L’originalité de l’ouvrage tient plus dans la retranscription graphique que dans la narration en elle-même (celle-ci n’étant in fine qu’un compte-rendu chronologique de ce drôle de fait divers, si terrible soit-il), et pour cela, Richard Guérineau nous a déjà montré toute la créativité dont il était capable. La description de ces danseurs et danseuses qui semblent n’être que les pantins inoffensifs totalement sous le contrôle d’une puissance occulte, ramenés au rang de zombies désarticulés, donnent lieu à de longues scènes silencieuses à la fois comiques et saisissantes, que Rabelais, contemporain de l’époque où se déroule l’action, n’aurait pas reniées. Comme il sait très bien le faire, Guérineau joue beaucoup d’un point de vue visuel sur le décalage temporel avec quelques allusions furtives à notre époque, qui par exemple voient la place de la cathédrale strasbourgeoise se transformer en rave party échevelée et torride. A travers cette histoire vraie, l’auteur dénonce à sa manière l’initiative meurtrière et sanglante des autorités catholiques pour mettre fin à ces paillardises « impures »… Hasard du calendrier ou non, Strasbourg se convertit quelques années après la tragédie au protestantisme…
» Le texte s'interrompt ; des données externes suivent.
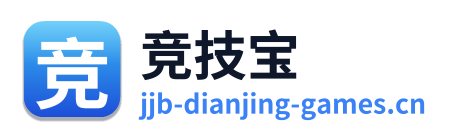 竞技宝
C’est donc avec un certain plaisir que l’on se laisse entraîner dans cette danse macabre phénoménale, dont les causes mystérieuses auront été emportées dans l’au-delà avec ses victimes, en raison de la bêtise religieuse la plus barbare. Avec ce nouvel opus, l’auteur du « Chant des Stryges » semble avoir pris goût au récit historique, un genre qui lui réussit plutôt bien.